M^3PC is an approach that leverages properly designed masking schemes to perform test-time MPC with pretrained masked trajectory models for decision making tasks. It enables action reconstruction with uncertainties for better robustness, as well as forward and backward prediction through different masking patterns for solving various downstream tasks. Check our website here.
If you want to make an env from scratch
Make a new conda env
conda create -n m3pc python=3.10
conda activate m3pc
Run these commands to install all dependencies
conda install pytorch==1.12.1 torchvision==0.13.1 torchaudio==0.12.1 cudatoolkit=11.3 -c pytorch
pip install -e .
For torch import issue, update MKL
conda install mkl==2024.0
For gym install issue, downgrade pip
pip install setuptools==65.5.0 pip==21
Optionally install dev packages.
pip install -r requirements_dev.txt
Example commands can be found in train_exsamples.sh
The main code for offline RL (with online finetuning) and goal reaching is located in the finetune_omtm
and zeroshot_omtm
, respectively.

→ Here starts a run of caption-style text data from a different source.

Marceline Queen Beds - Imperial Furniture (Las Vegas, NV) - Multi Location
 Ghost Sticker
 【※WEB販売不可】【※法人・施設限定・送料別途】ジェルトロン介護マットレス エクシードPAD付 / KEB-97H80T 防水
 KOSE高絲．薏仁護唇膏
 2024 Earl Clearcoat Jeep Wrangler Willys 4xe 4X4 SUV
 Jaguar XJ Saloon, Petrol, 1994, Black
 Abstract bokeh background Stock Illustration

Here is how you can run some of the experiments.
- For pretrain:
python research/omtm/train.py +exp_mtm=d4rl_cont dataset.env_name=hopper-medium-v2
You can also directly download the pretrain model checkpoints here and extract the file in the root directory:
tar -xf checkpoints.tar
- For offline RL inference:
python research/finetune_omtm/finetune.py finetune_args.plan_guidance=rtg_guiding pretrain_args.env_name=hopper-medium-v2 pretrain_dataset.env_name=hopper-medium-v2 finetune_args.explore_steps=0 finetune_args.warmup_steps=0
- For online finetuning:
python research/finetune_omtm/finetune.py finetune_args.plan_guidance=critic_lambda_guiding pretrain_args.env_name=hopper-medium-v2 pretrain_dataset.env_name=hopper-medium-v2 finetune_args.explore_steps=0 finetune_args.warmup_steps=0
- For goal reaching inference:
python research/zeroshot_omtm/unseen.py --config-name=config_hopper
change --config-name
and select files from waypoint_gen
folder for different tasks and different goals.
You can also try modify the waypoint generation script to control the wiggling frequency, visualizaing the waypoints and see to what extent the backward M3PC can follow 'unseen' state trajectory.
If you find M^3PC useful in your research or if you refer to the results mentioned in our work, please star this repository and consider citing:
@article{M3PC,
title={M^3PC: Test-Time Model Predictive Control for Pretrained Masked Trajectory Model},
author={Kehan Wen and Yutong Hu and Yao Mu and Lei Ke},
journal={arxiv:2412.05675},
year={2024},
}
This work is licensed under BSD 3-Clause License. See LICENSE for details. Third-party datasets and tools are subject to their respective licenses.